L’ayant compris, Sandro Pasqualetto livre un spectacle bien ficelé qui met en avant le jeu des interprètes. Donato di Stefano incarne le rôle-titre avec gouaille. Les accents un peu rustauds du personnage ne mettent pas la jovialité de l’émission en danger ni la solidité de la ligne ; on n’en goûte que davantage les mimiques funèsques qui trahissent sa bêtise et scellent son destin. Pour sa prise de rôle en docteur Malatesta, Jean-Sébastien Bou reçoit des applaudissements mérités. La rouerie et la duplicité de l’ami donne toute sa saveur à la voix bien caractérisée du chanteur français. Domenico Menini a le timbre clair qui convient au jouvenceau, mais la tenue de son Ernesto n’est pas toujours irréprochable et la technique sonne parfois un peu léger. Daniela Bruera campe une Norina vive et toute de canaille insolence. Le soprano sarde a les couleurs acidulées de la jeunesse. La souplesse fait cependant parfois défaut à cet instrument un peu corseté.

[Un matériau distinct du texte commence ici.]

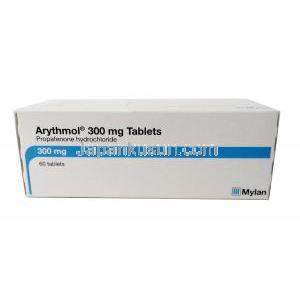 アリスモール, プロパフェノン 300mg, 製造元：Mylan, 箱上面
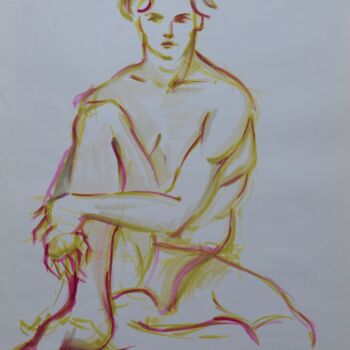 Peinture intitulée "Portrait masculin" par Patrizia Pic, Œuvre d'art originale, Gouache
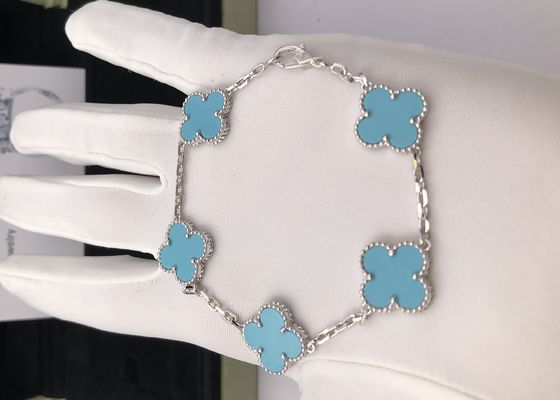 5 Motifs 18K Gold Bracelet , Van Cleef Alhambra Bracelet Blue With Turquoise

Le travail du régisseur s’appuie sur les décors et les costumes de Valentina Bressan, la directrice des services techniques de la maison. La scène apparaît comme un livre ouvert avec, sur la page de gauche, un mur blanc de fenêtres de toutes variétés (de l’œil-de-bœuf à la porte-fenêtre) et, sur celle de droite, deux porches noirs aux frises dorées, le tout dessiné selon une illusion perspectiviste. Ragots et curiosité de la vicinalité sont suggérés avec humour dans cette évocation d’une place de village telle la cinématographie italienne des années cinquante et soixante en imagina les stéréotypes. Au deuxième acte, une partie du mur de fenêtres est ouvert et rabattu sur le panneau de droite, laissant découvrir des portraits de la vieille école que Norina n’aura pas manqué de renouveler à l’acte suivant en substituant à cette grisaille la fantaisie de reproductions de Warhol et autres témoignages du pop art. Le décor se replie pour la scène finale : le barbon est vaincu et la farce terminée. Les lumières de Marc Delamézière, tour à tour tendres et impitoyables, rehaussent efficacement l’ensemble.
L’Orchestre Symphonique Région Centre Tours n’épargne pas les attaques giflées ou hasardeuses (l’acoustique sèche de la salle ne pardonne pas), mais la direction bonhomme du directeur musical de la formation, Jean-Yves Ossonce, soutenant le plateau vocal, distrait aimablement de ces approximations.